Once the pictures are set aside, copy everything else in the records exactly.

= = = =

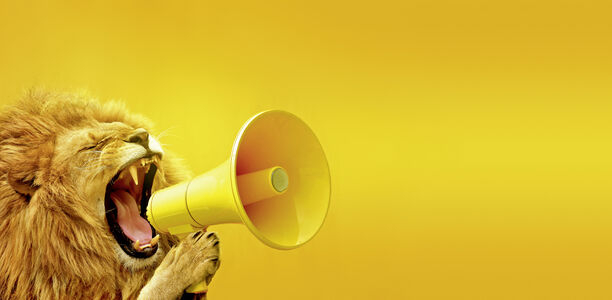 Bild zu Gesetzentwurf - Genug gebrüllt, Löwe!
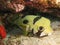 Porcupine Puffer Fish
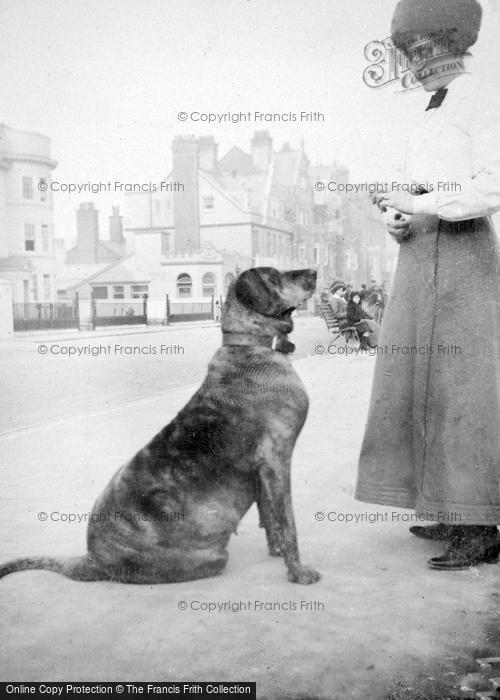 Photo of Sidmouth, 1911
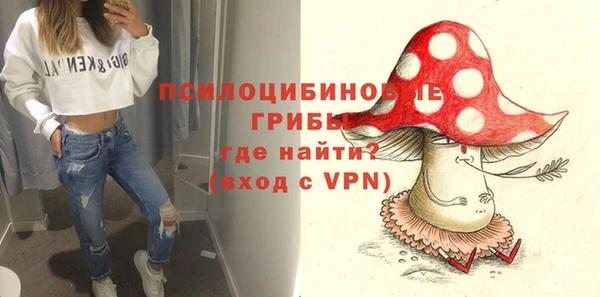 спиды Алексеевка
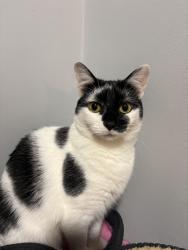 Lost Female Cat last seen Denness road, Sandown, England 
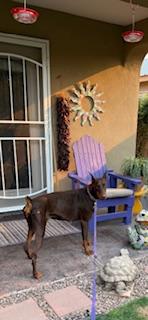 Girleen, a Adopted Doberman Pinscher in Albuquerque, NM image 2/3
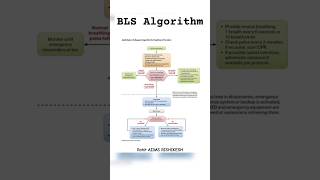 BLS Algorithm AHA aiims aiimdelhi aiimsrishikesh air146 nursingvibrant nursingofficer norcet [upl. by Laurentium981]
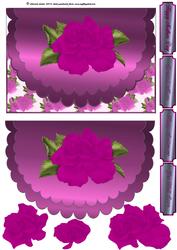 Cerise Rose Envelope Card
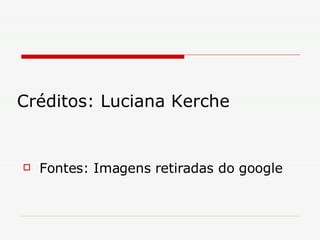 Créditos: Luciana Kerche Fontes: Imagens retiradas do google 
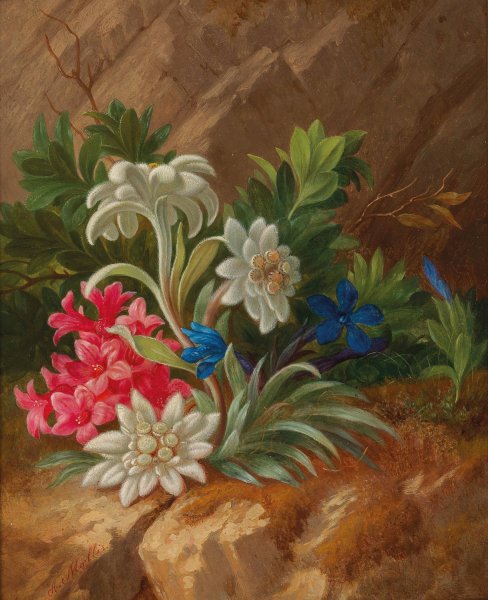 Alpenblumen by Anton Mollis - Hand-Painted Oil Painting Reproduction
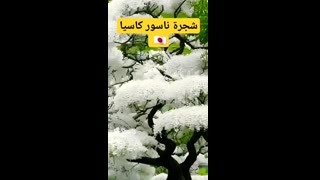 شجرة ناسور كاسيا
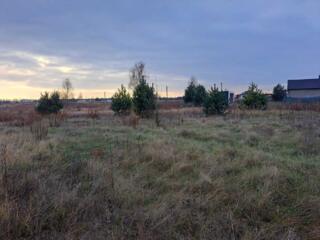 продаж ділянка під житлову забудову Броварський, Залісся, 11000 $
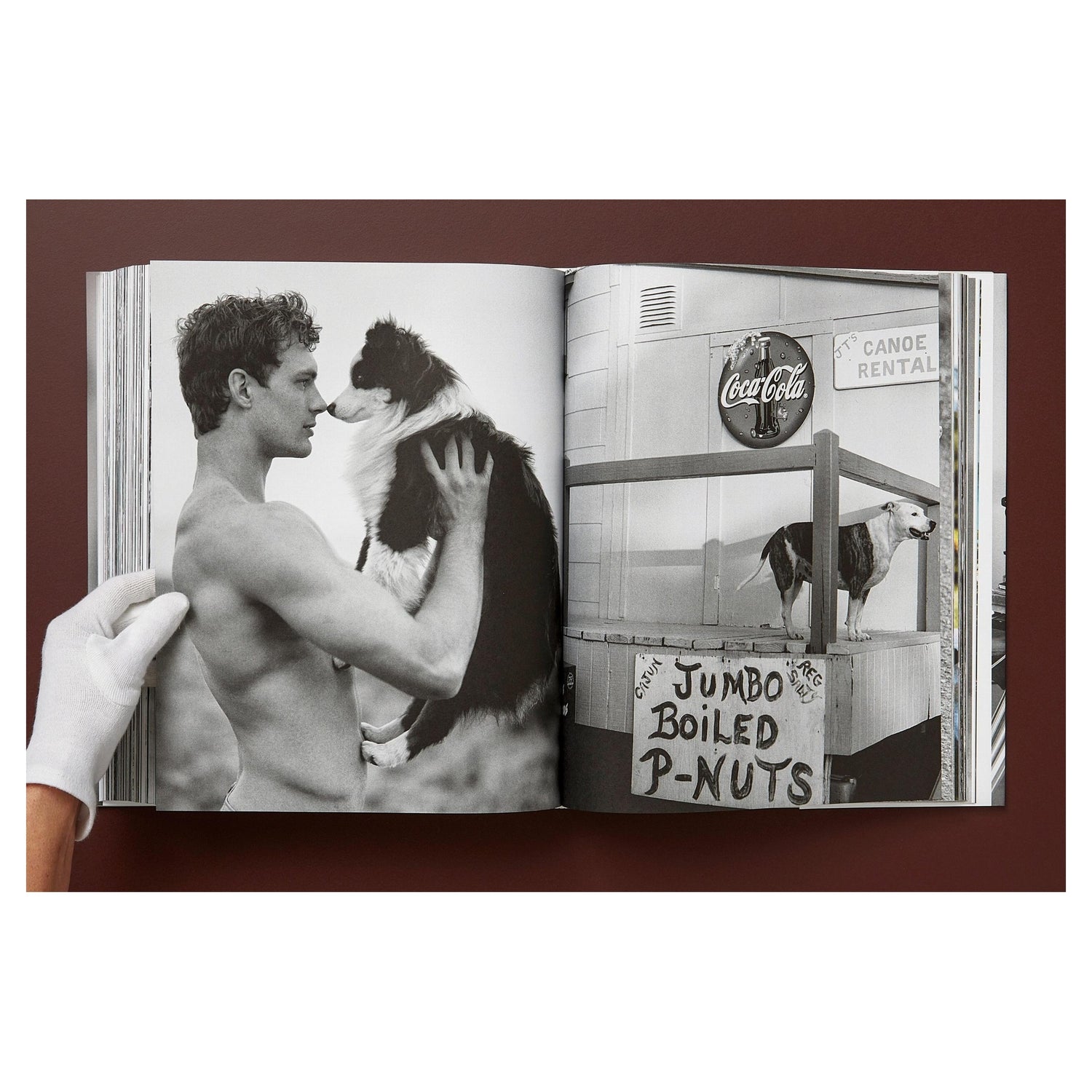 Nahaufnahme der Seiten von THE GOLDEN RETRIEVER PHOTOGRAPHIC SOCIETY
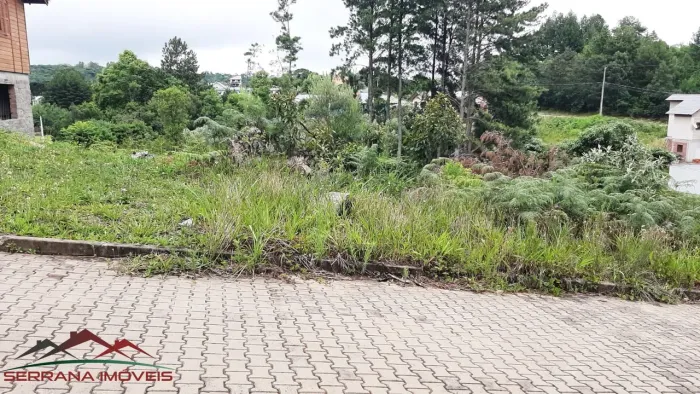 TERRENO RESIDENCIAL em Nova Petrópolis - RS, Linha Imperial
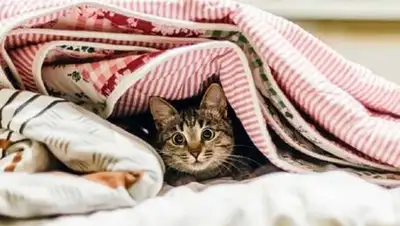 vecherka74.ru, фото - Новости Zakon.kz от 15.02.2021 11:03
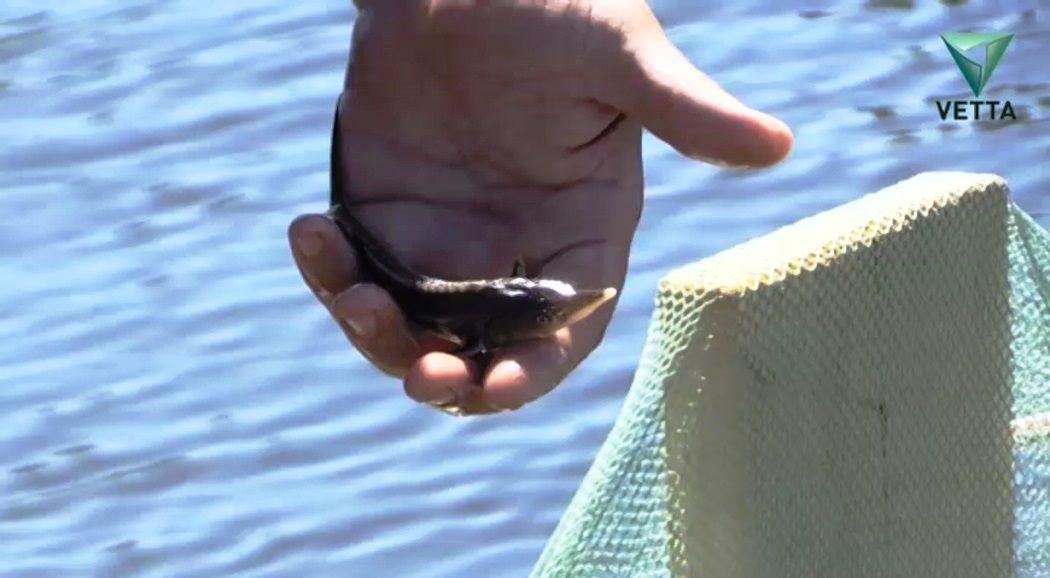 В Прикамье в водохранилище выпустили мальков стерляди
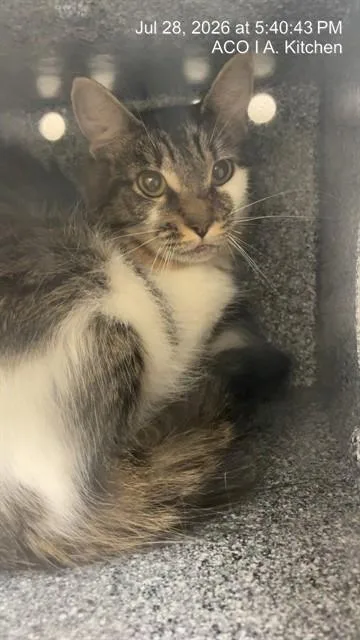 A young medium-sized female Domestic Medium Hair cat named Bella for adoption in Naples, FL
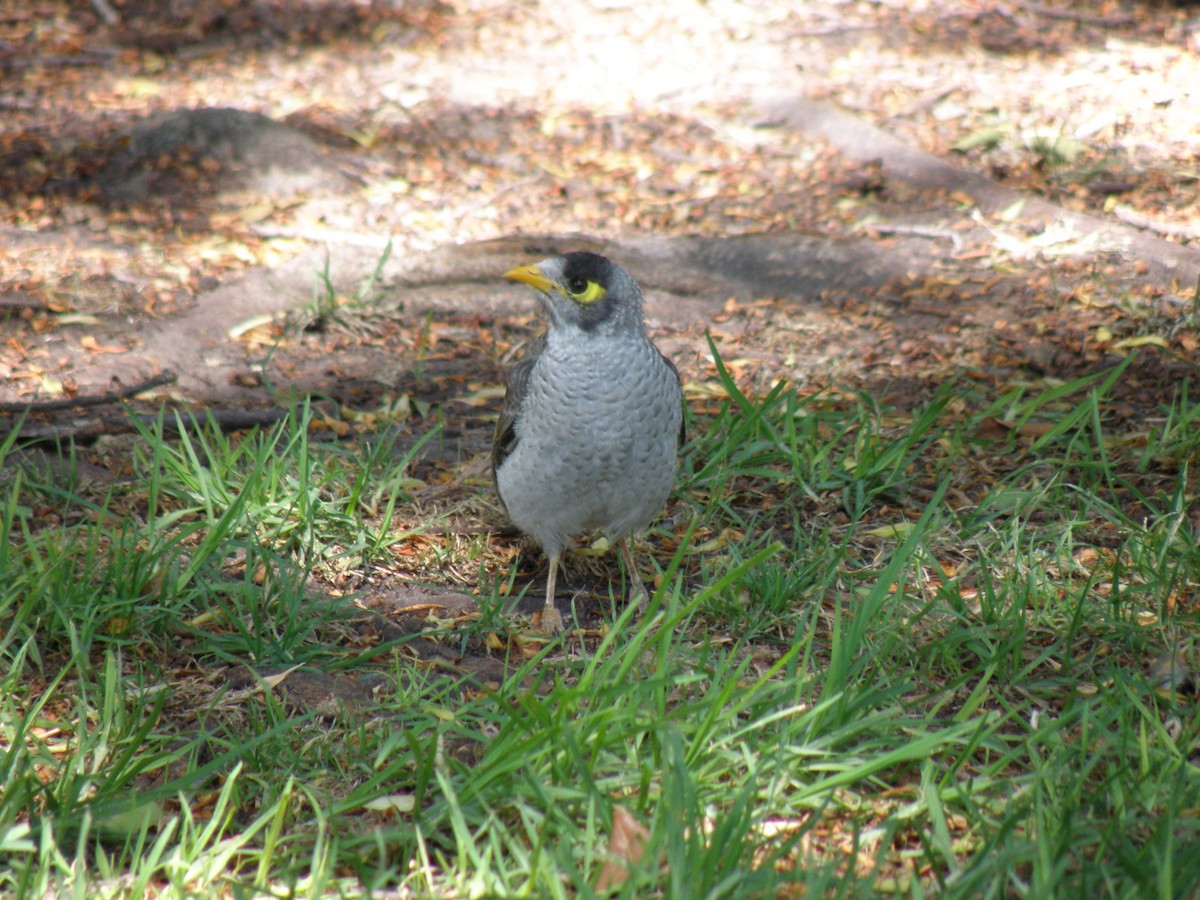Noisy Miner - ML109640651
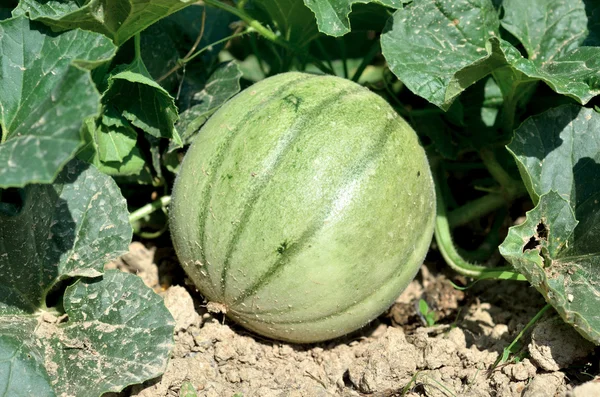 Melone auf den Feldern Stockbild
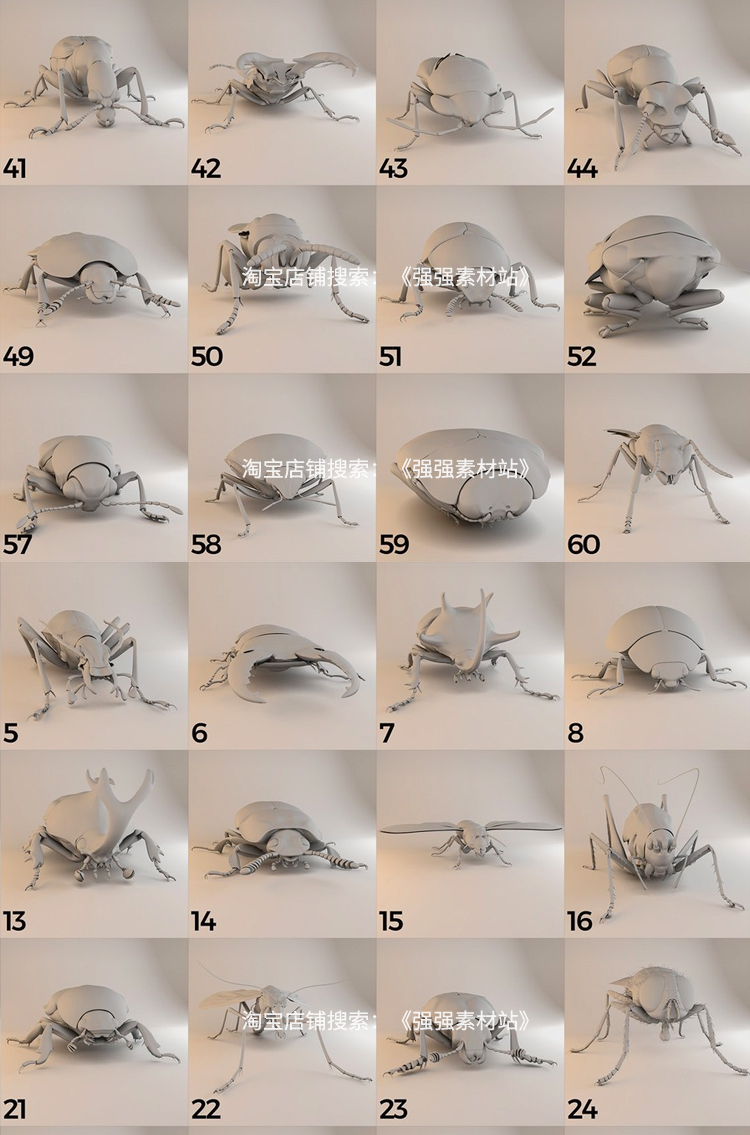 60 组昆虫C4D模型蜜蜂，蚂蚁/蜘蛛/昆虫/甲虫/黄蜂和蚱蜢A132 第3张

= = = =

**RESULT FOR THIS EXERCISE:**
 Bild zu Gesetzentwurf - Genug gebrüllt, Löwe!
 Porcupine Puffer Fish
 Photo of Sidmouth, 1911
 спиды Алексеевка
 Lost Female Cat last seen Denness road, Sandown, England 
 Girleen, a Adopted Doberman Pinscher in Albuquerque, NM image 2/3
 BLS Algorithm AHA aiims aiimdelhi aiimsrishikesh air146 nursingvibrant nursingofficer norcet [upl. by Laurentium981]
 Cerise Rose Envelope Card
 Créditos: Luciana Kerche Fontes: Imagens retiradas do google 
 Alpenblumen by Anton Mollis - Hand-Painted Oil Painting Reproduction
 شجرة ناسور كاسيا
 продаж ділянка під житлову забудову Броварський, Залісся, 11000 $
 Nahaufnahme der Seiten von THE GOLDEN RETRIEVER PHOTOGRAPHIC SOCIETY
 TERRENO RESIDENCIAL em Nova Petrópolis - RS, Linha Imperial
 vecherka74.ru, фото - Новости Zakon.kz от 15.02.2021 11:03
 В Прикамье в водохранилище выпустили мальков стерляди
 A young medium-sized female Domestic Medium Hair cat named Bella for adoption in Naples, FL
Noisy Miner - ML109640651
 Melone auf den Feldern Stockbild
 60 组昆虫C4D模型蜜蜂，蚂蚁/蜘蛛/昆虫/甲虫/黄蜂和蚱蜢A132 第3张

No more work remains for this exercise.